Your copy should begin with the line containing "Saiu o calendário", end with the line containing "Küche/Küchenzeile in der", match the listing below exactly, and contain no pictures.

_SOURCE RECORDS_.
──────────────────────────────

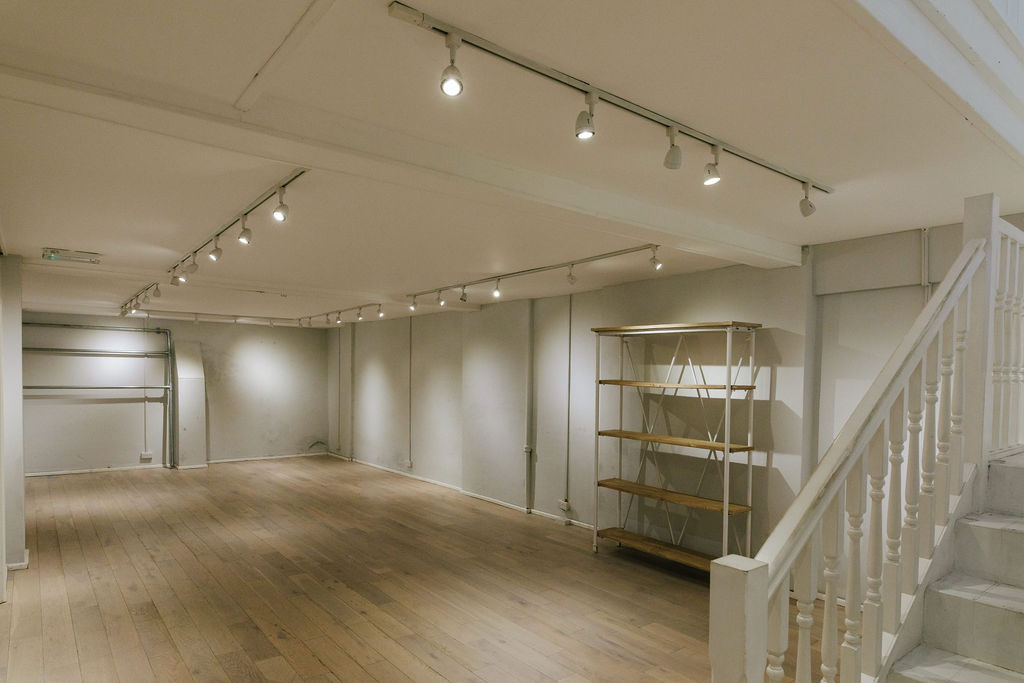 Versatile event space at 725 Fulham Road with wooden flooring for meetings and workshops.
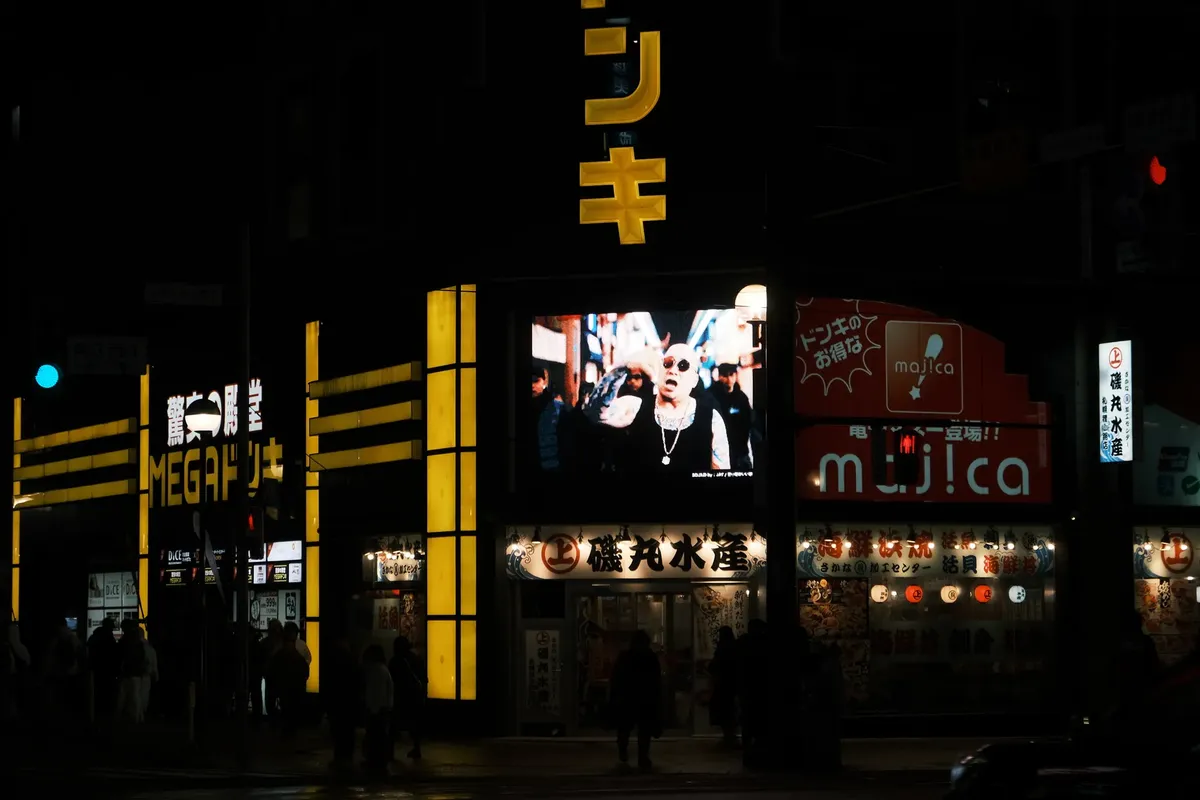 Neon-lit street scene at night in Sapporo, Japan, showcasing the vibrant city nightlife.
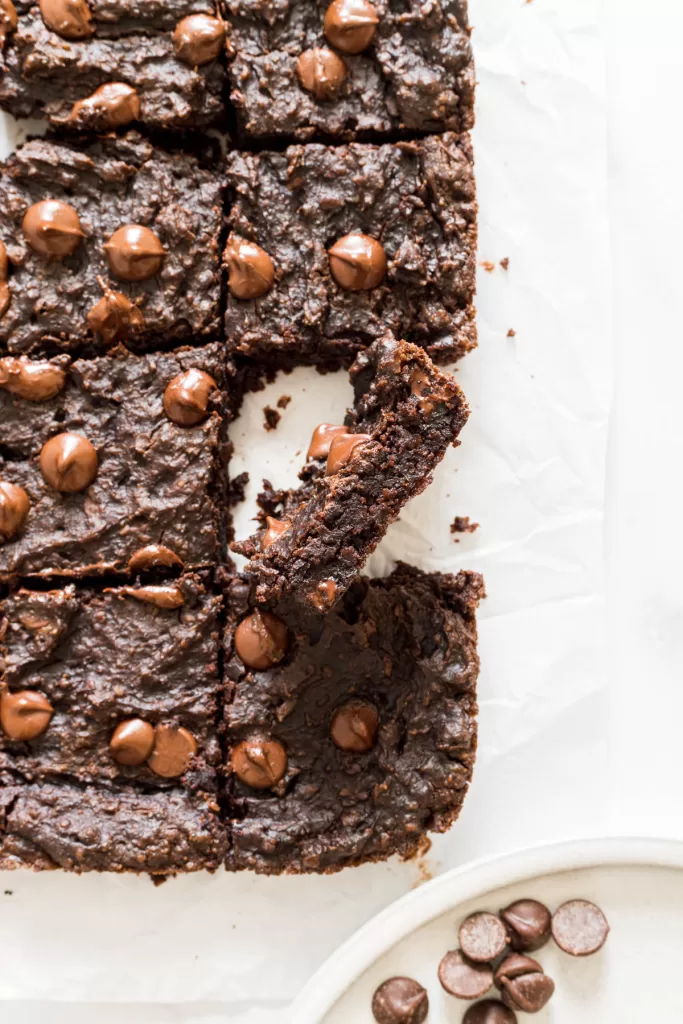 An overhead view of chickpea brownies with one brownie standing on it's side.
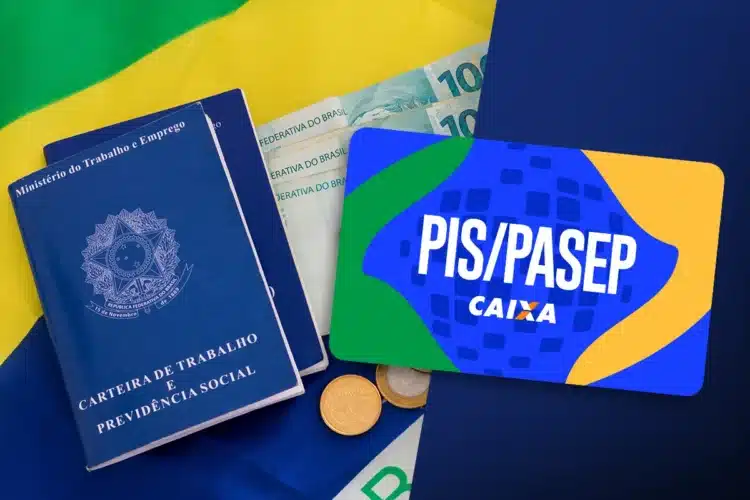 Saiu o calendário do PIS/PASEP 2026: Confira seu mês de pagamento 1 Carteira de trabalho, dinheiro em reais e cartão PIS/PASEP Caixa sobre bandeira do Brasil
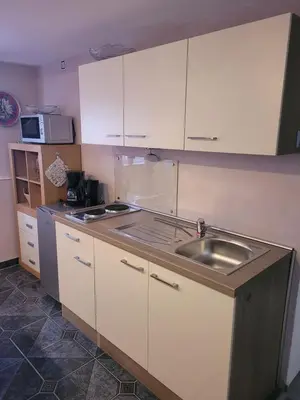 Küche/Küchenzeile in der Unterkunft Ferienwohnung Jasmin in Schönau bei Heidelberg FEWO 4 Souterrain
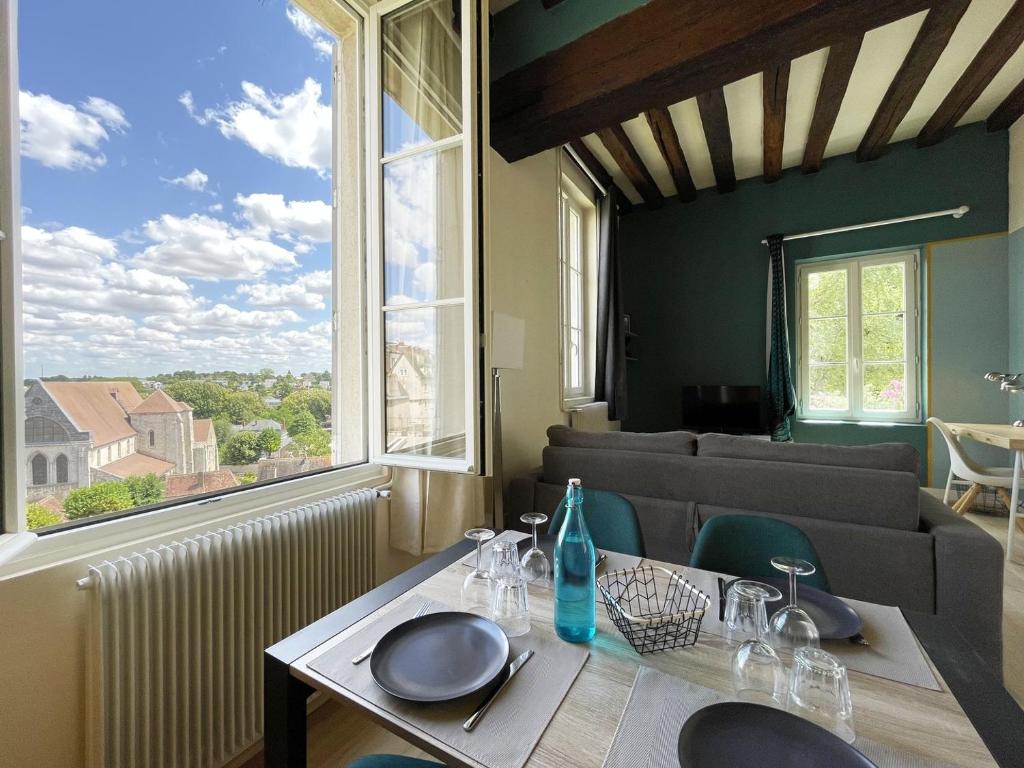 a table in a room with a large window at L'Horizon - Entrée indépendante - Parking in Chartres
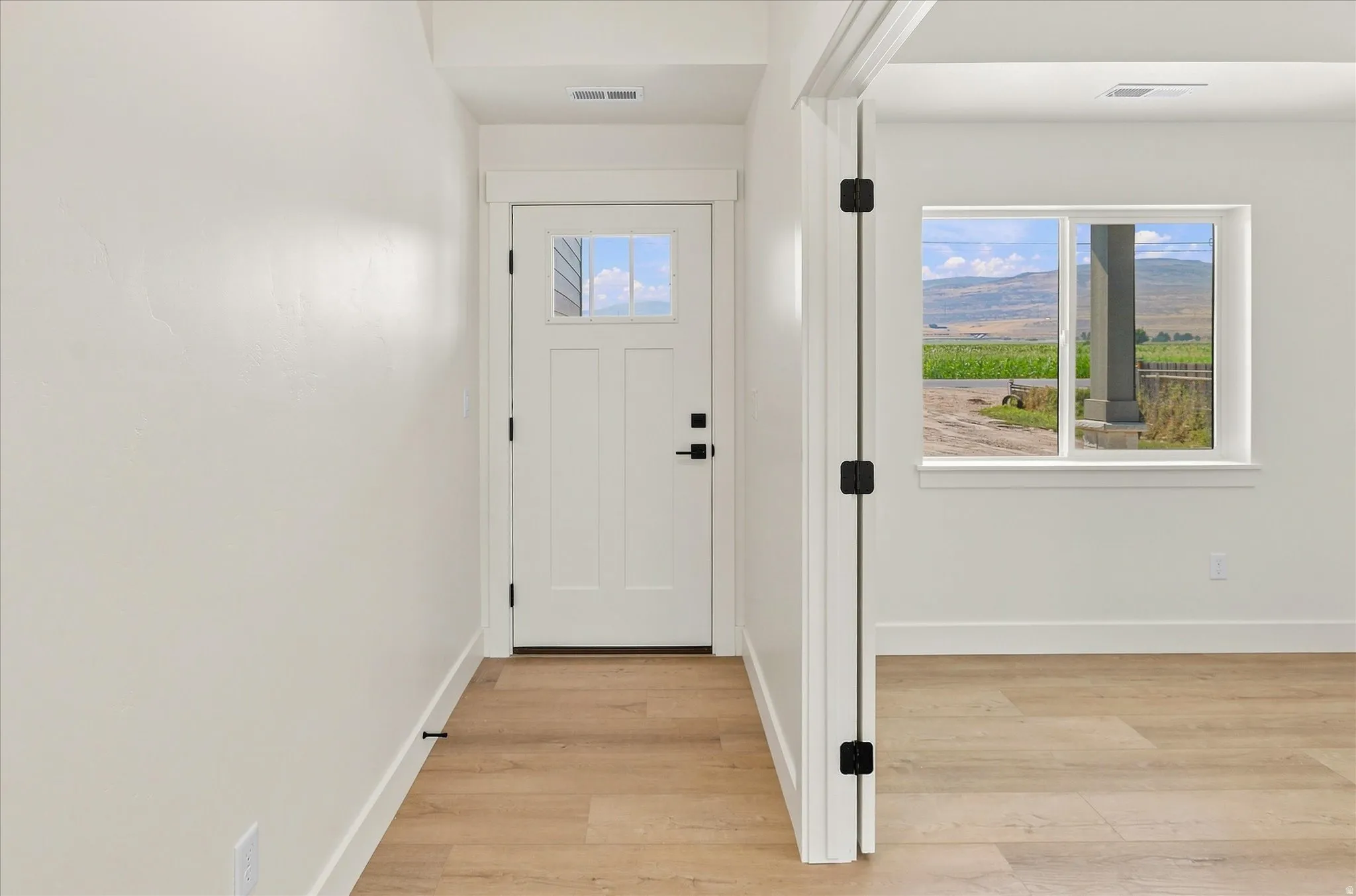 Light wood-finish flooring with white baseboards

──────────────────────────────

_EXERCISE ANSWER_.
 Saiu o calendário do PIS/PASEP 2026: Confira seu mês de pagamento 1 Carteira de trabalho, dinheiro em reais e cartão PIS/PASEP Caixa sobre bandeira do Brasil
 Küche/Küchenzeile in der Unterkunft Ferienwohnung Jasmin in Schönau bei Heidelberg FEWO 4 Souterrain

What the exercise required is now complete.